• REQUIRED WORK: Without including any images, repeat the data exactly.

• DATASET CONTENT:
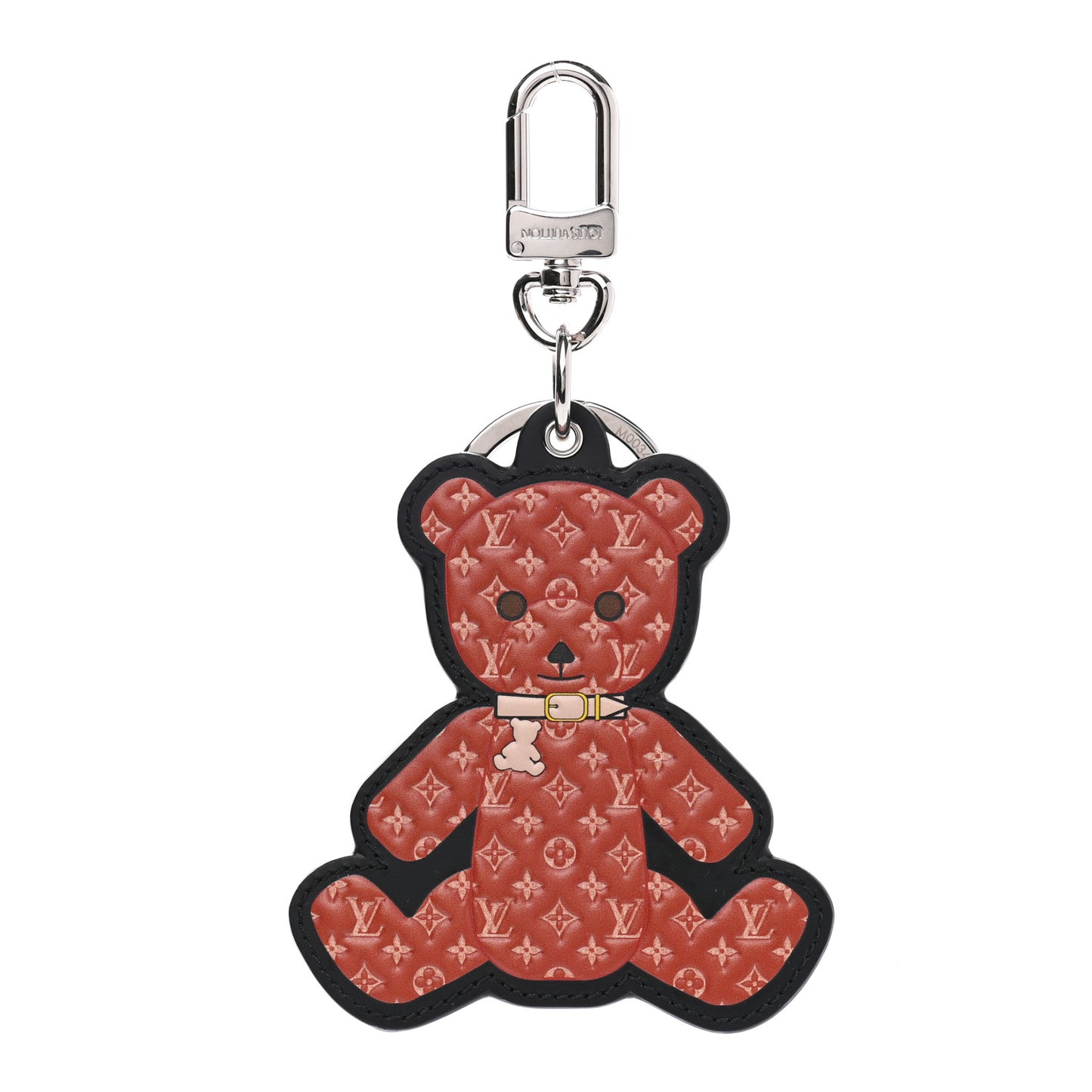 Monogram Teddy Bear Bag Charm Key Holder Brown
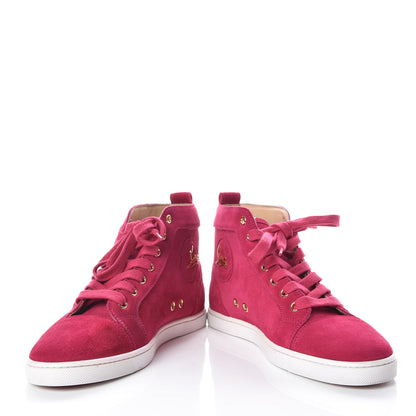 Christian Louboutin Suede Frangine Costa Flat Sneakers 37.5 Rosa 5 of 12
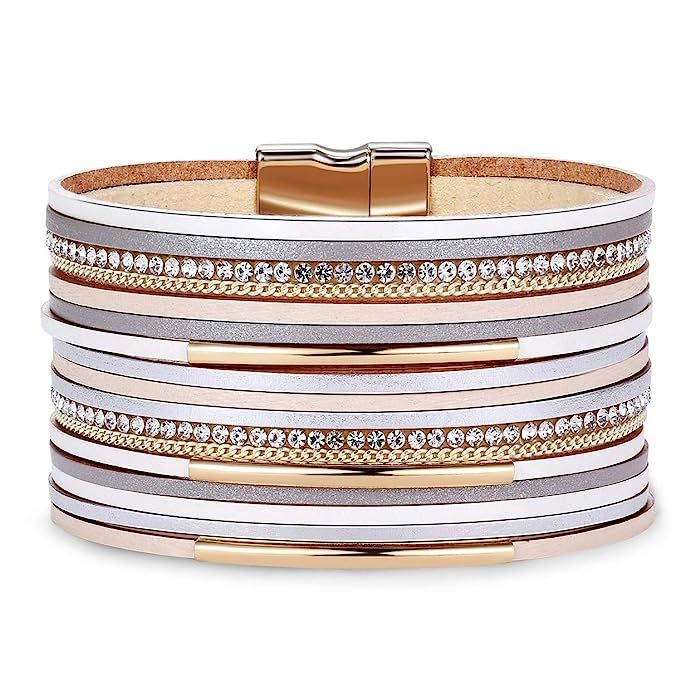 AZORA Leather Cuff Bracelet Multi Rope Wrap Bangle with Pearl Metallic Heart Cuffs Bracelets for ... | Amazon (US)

• ANSWER FOR THIS EXERCISE:
 Monogram Teddy Bear Bag Charm Key Holder Brown
 Christian Louboutin Suede Frangine Costa Flat Sneakers 37.5 Rosa 5 of 12
 AZORA Leather Cuff Bracelet Multi Rope Wrap Bangle with Pearl Metallic Heart Cuffs Bracelets for ... | Amazon (US)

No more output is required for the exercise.